Theoretically the issue will be resolved if the rotation gets applied into the file permanently, instead of being embedded in metadata.

Belval commented

Could you try to manually run popper on the asset? Something like:

pdftoppm -r 200 your_asset.pdf out

As you pointed out this might be an issue with poppler but I'd like to confirm first. You can also try to use pdftocairo and see if the orientation is correct in that case.

pdftoppm -r 200 your_asset.pdf out
This one worked perfectly.

Belval commented

Ok so the issue is with pdf2image somehow. Can you share the asset?

Forgot to mention that pdftocairo works fine.
the pdf in question https://wormhole.app/kRZQl#5lMmzZ6BtD7RFIGOOaTOsw

I just ran into a similar issue also with dpi not being set correctly. Not sure if this helps the debug process, but in my code I decided to the following:
page[0].save(f"{working_path}{pdf[0:pdf.find('.')]}.tif", "TIFF", dpi=300)

and saw this error in PIL/TiffImagePlugin.py:
ifd[RESOLUTION_UNIT] = 2
ifd[X_RESOLUTION] = dpi[0]
ifd[Y_RESOLUTION] = dpi[1]

which led me to believe dpi should be a 2 element list. So I then tried:
page[0].save(f"{working_path}{pdf[0:pdf.find('.')]}.tif", "TIFF", dpi=[300, 300])

and when I checked the .tif in Preview, the resolution was correct at 300dpi instead of 72.
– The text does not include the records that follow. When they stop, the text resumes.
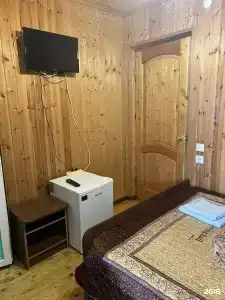 Домик у моря Связной 8 - 17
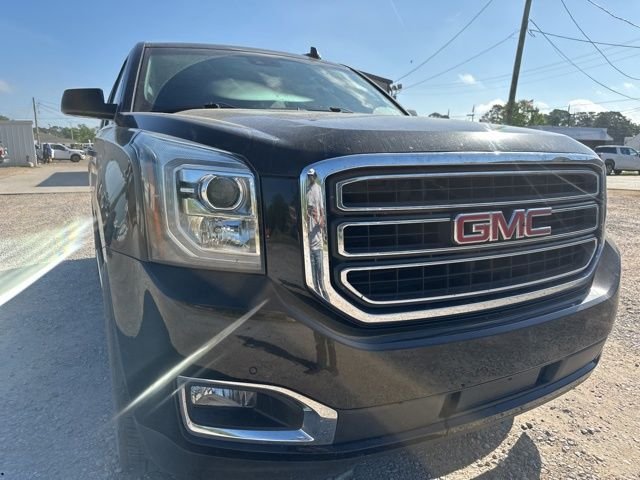 2020 GMC Yukon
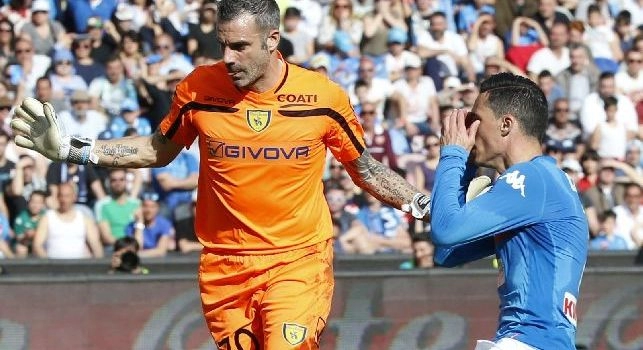 Sorrentino: Il Napoli &egrave; tornato a fare molto bene, era ovvio che non potesse reggere i ritmi delle prime gare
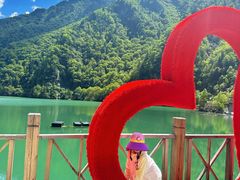 -叠溪松坪沟景区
Just to sum up, I converted a 11 x 8.5 pdf to tiff using the following lines and removed dpi=300 from convert_from_path and moved it to save as a 2 element list:
page = convert_from_path(f"{working_path}{pdf}", size=(3300, 2550))
page[0].save(f"{working_path}{pdf[0:pdf.find('.')]}.tif", "TIFF", dpi=[300, 300])

Hope this helps.